Abstract :
The transition from a fluid to a structurally arrested state, upon
changing temperature, pressure or applied external stress, is of
interest in a wide range of systems, such as glass forming liquids,
driven granular matter near jamming and polymer solutions that undergo
gelation. Jamming, a process by which mescoscopic particle assemblies
fail to fluidize under applied stress, has been extensively studied,
using hard and soft sphere packings as model systems, and
corresponding experimental realizations. Among the unresolved aspects
of jamming, as well as other structural arrest processes, is the
change in structure associated with the dynamical arrest transition
and its role. Some key themes regarding the geometry of jammed sphere
packings will be presented, including new observations and insights
from the analysis of void space in a variety of jammed systems shear
jammed packings.
ABOUT THE SPEAKER:
Srikanth Sastry is a Professor at the Theoretical Sciences Unit Jawaharlal Nehru Centre for Advanced Scientific Research. He studied
in Bangalore, Bombay and Boston, obtaining a Master's degree in
Physics from IIT Bombay and a Ph D in Physics from Boston University.

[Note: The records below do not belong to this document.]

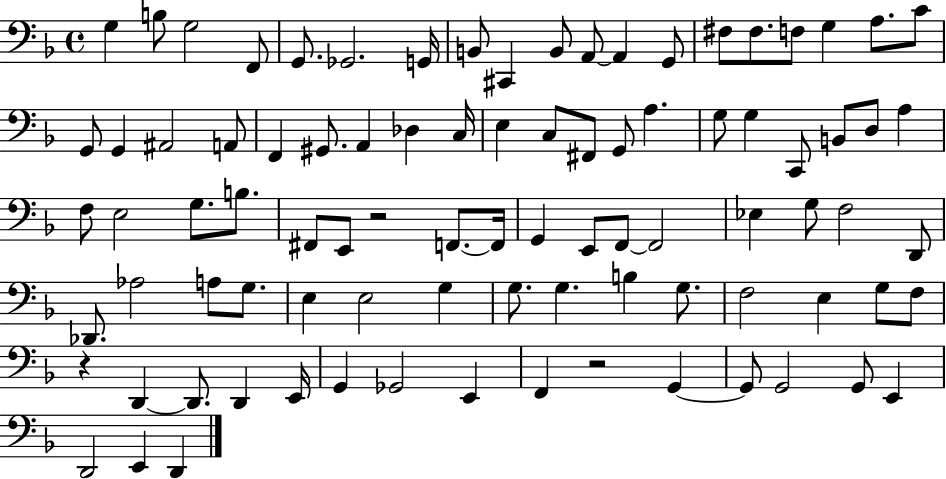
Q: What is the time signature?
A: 4/4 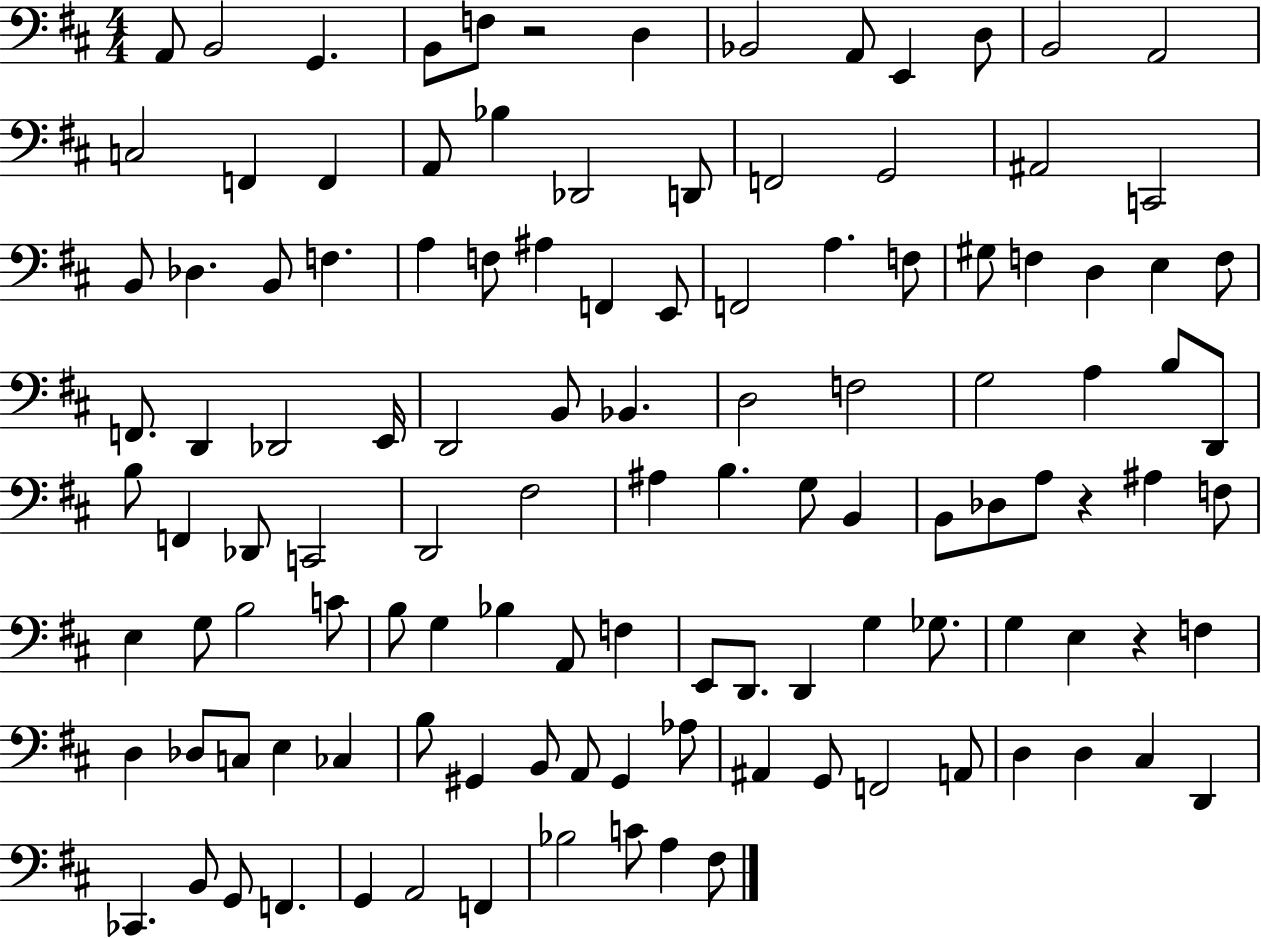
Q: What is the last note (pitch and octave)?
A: F#3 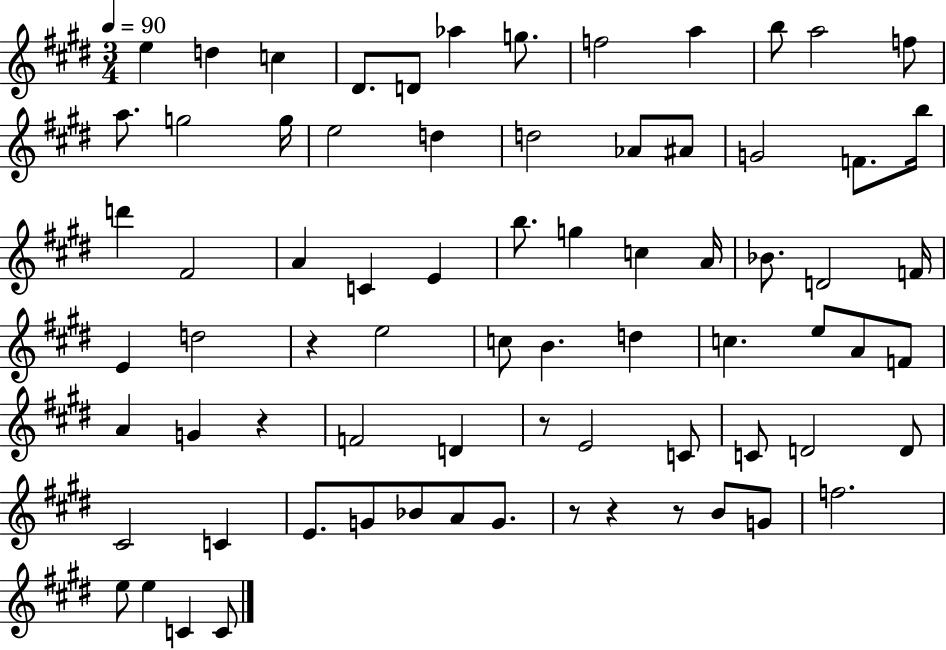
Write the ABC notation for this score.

X:1
T:Untitled
M:3/4
L:1/4
K:E
e d c ^D/2 D/2 _a g/2 f2 a b/2 a2 f/2 a/2 g2 g/4 e2 d d2 _A/2 ^A/2 G2 F/2 b/4 d' ^F2 A C E b/2 g c A/4 _B/2 D2 F/4 E d2 z e2 c/2 B d c e/2 A/2 F/2 A G z F2 D z/2 E2 C/2 C/2 D2 D/2 ^C2 C E/2 G/2 _B/2 A/2 G/2 z/2 z z/2 B/2 G/2 f2 e/2 e C C/2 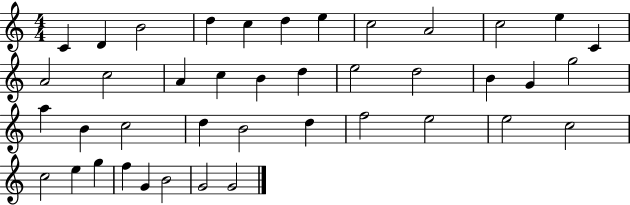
C4/q D4/q B4/h D5/q C5/q D5/q E5/q C5/h A4/h C5/h E5/q C4/q A4/h C5/h A4/q C5/q B4/q D5/q E5/h D5/h B4/q G4/q G5/h A5/q B4/q C5/h D5/q B4/h D5/q F5/h E5/h E5/h C5/h C5/h E5/q G5/q F5/q G4/q B4/h G4/h G4/h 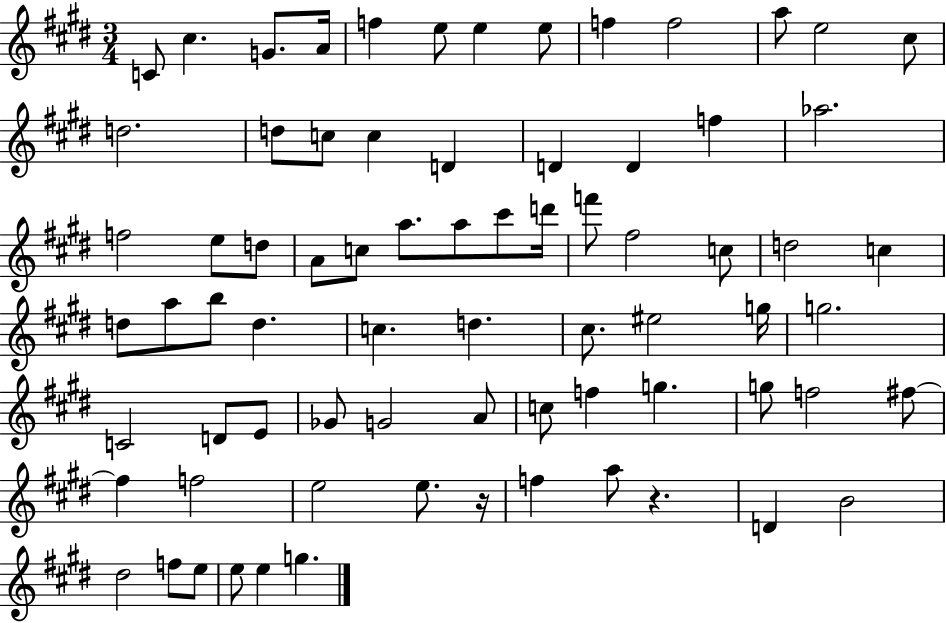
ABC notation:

X:1
T:Untitled
M:3/4
L:1/4
K:E
C/2 ^c G/2 A/4 f e/2 e e/2 f f2 a/2 e2 ^c/2 d2 d/2 c/2 c D D D f _a2 f2 e/2 d/2 A/2 c/2 a/2 a/2 ^c'/2 d'/4 f'/2 ^f2 c/2 d2 c d/2 a/2 b/2 d c d ^c/2 ^e2 g/4 g2 C2 D/2 E/2 _G/2 G2 A/2 c/2 f g g/2 f2 ^f/2 ^f f2 e2 e/2 z/4 f a/2 z D B2 ^d2 f/2 e/2 e/2 e g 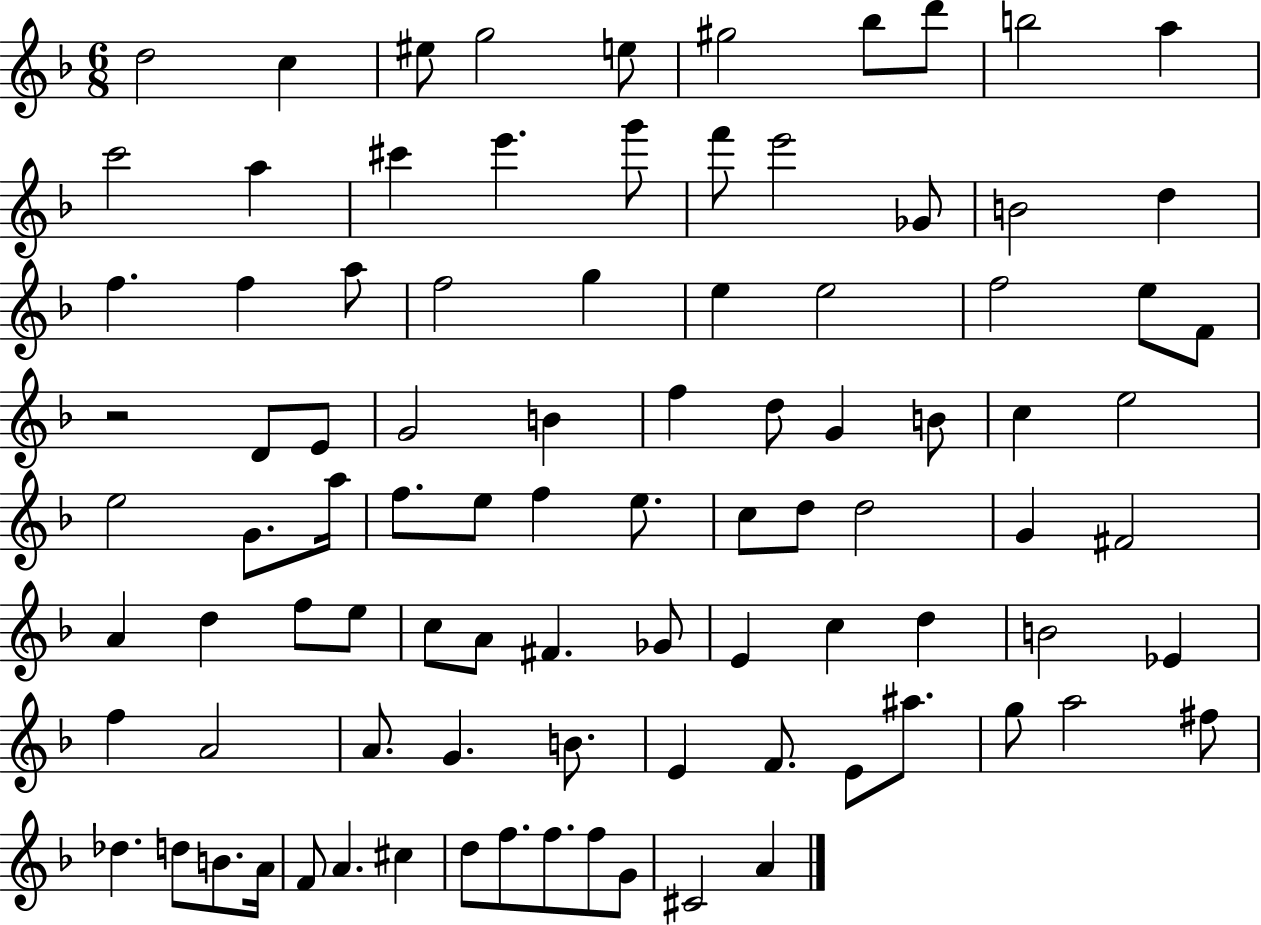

After postdoctoral research at the National Institutes of Health and
Princeton University, he has been at the Jawaharlal Nehru Centre for
Advanced Scientific Research since 1998, with a two year stint in TIFR
Hyderabad during 2012-14. Srikanth Sastry's research interests
concern unusual phase behavior and dynamics of liquids and more
broadly soft matter, whose work has addressed slow dynamics in glassy
systems, different approaches to structural arrest (glass transition,
gelation, and jamming), mechanical behavior of and memory effects in
glasses, liquid-liquid phase transitions in water and silicon, and
related problems.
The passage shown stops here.